With a survey team of six and fewer villagers we quickly totted up another few hundred metres of loose breakdown passage ending in yet another loose chamber with a huge, unstable boulder ruckle in the centre. Unfortunately, while we were surveying even more lads had caught up with us, most were barefooted and had no lights of any description. Being young lads in a big gang and with no comprehension of what a quarter ton boulder can do to you, rocks were soon rolling down the chamber and splintering into fragments. After a few near misses and lots of pointless shouting and finger wagging the cork eventually came out of Pete's bottle and he ordered us to return to the surface. Had we not done this it was only a matter of time before someone got hurt yet again. Everywhere we went we were constantly shadowed by lightless teenagers relying on our carbide lights. We were also aware by now that if anyone of them were injured it would be "our" fault for "bringing" them with us.

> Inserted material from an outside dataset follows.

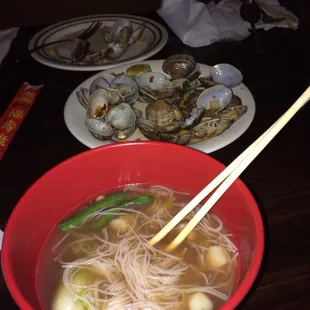 Clams and noodle soup
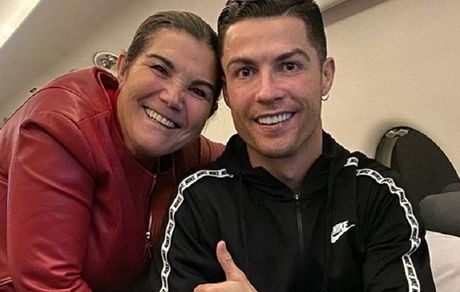 جنجال آفرینی دوباره مادر رونالدو/ پرچم اسپورتینگ برای کریس شایعه ساز شد +عکس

Eventually we managed to get rid by sitting out of the way with our lights out until they got bored and followed Liz and Mr Long to the surface. This allowed us to push the only remaining lead - the stream continuation. Flat out in joint controlled rifts the stream was not inviting, very black with flood debris, mainly plastic rubbish, and obviously a storm drain. In the water dark pink and brown crayfish with turquoise eyes paddled towards our hands obviously hungry for prey during the dry season. After a dozen or so sharp bends the rifts opened out into walking passage in solid limestone but with the inevitable boulder choke concluding the passage. With shattered nerves we closed the survey book and gingerly retraced our steps, stopping only for a brief photography session.
The expedition surveyed over 4km of passage mostly around the pleasant village of Nongtalong which overlooks the vast river deltas of Bangladesh. Despite the best intentions of our local supporters we all managed to have good time caving, exploring the local jungle terrain, and were made to feel very welcome by our hosts. There is plenty more to go at in Meghalaya just remember to take a cool head and some kneepads!